Produire toujours plus, consommer, jeter, goudronner pour rouler, sans jamais évaluer la vérité des coûts de cette pollution et de cette débauche d'énergie infligée à la nature, nous promet un avenir sombre.

Il est temps de réagir. Comme à chaque virage de l'histoire, ce seront les esprits courageux et ouverts, trop rares en politique, qui nous donneront le sens des limites.

 

FV

posté le 03 fév 2007

 

Mauvaises graines

Suite au procès “Kokopelli”

La cour d'appel de Nîmes a condamné l'association Kokopelli pour vente de semences non inscrites.

Cette association conserve des semences de fleurs, de céréales et légumes anciens, préservant ainsi un patrimoine génétique accessible à tous. Le tribunal s'est appuyé sur un texte des années 40 pour condamner lourdement l'association.

MAUVAISES GRAINES

La question n'est pas de fustiger tel ou tel juge, qui ne sont que les exécutants, certes plus ou moins zélés, de textes de lois obsolètes ou inadaptées.

Celle posée par ce procès est beaucoup plus fondamentale. On peut actuellement, en quelque sorte, être inculpé pour “tentative de pérennisation de la biodiversité”. Nous devons non seulement soutenir Kokopelli et condamner clairement sa condamnation, mais bien au delà, nous retourner vers le législateur pour toiletter nos lois de leurs archaïsmes. Ces dernières, en effet, ne tarderont pas à être utilisées par les puissants lobbies pro OGM pour faire disparaître toute possibilité de conserver et de développer notre riche et ancestral patrimoine végétal.

Les mauvaises graines ne sont pas issues de sélections naturelles ou humaines séculaires, elles sont semées dans l'esprit de l'homme moderne par la volonté de profit à court terme.

FV

 

L'asphalte a horreur du vide

Certains, et c'est un comble, semblent s'inquiéter du fait que l'A9 ne soit pas doublée. Ils craignent un engorgement du trafic.

Décidement rien ne change.

En 1990 déjà on l'avait élargie de 4 à 6 voies.

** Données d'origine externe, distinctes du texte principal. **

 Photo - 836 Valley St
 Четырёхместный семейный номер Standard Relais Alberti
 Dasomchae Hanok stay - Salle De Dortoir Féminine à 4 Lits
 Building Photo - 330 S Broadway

A peine 16 ans plus tard il faudrait lui en rajouter 6 de plus, et ensuite ...

Quand comprendra t-on que l'asphalte a horreur du vide, que chaque nouveau goudronnage est un appel à une intensification du trafic, des poids lourds notamment ? Alors, on peut continuer longtemps à se battre la coulpe sur le réchauffement climatique. Il n'y a qu'à observer le regard ému et hypocrite de nos politiques de droite et de gauche, lancé en direction de l'électorat potentiel de Nicolas Hulot pour réaliser que les solutions ferroviaires, fluviales ou maritimes ne sont toujours pas dans leurs têtes.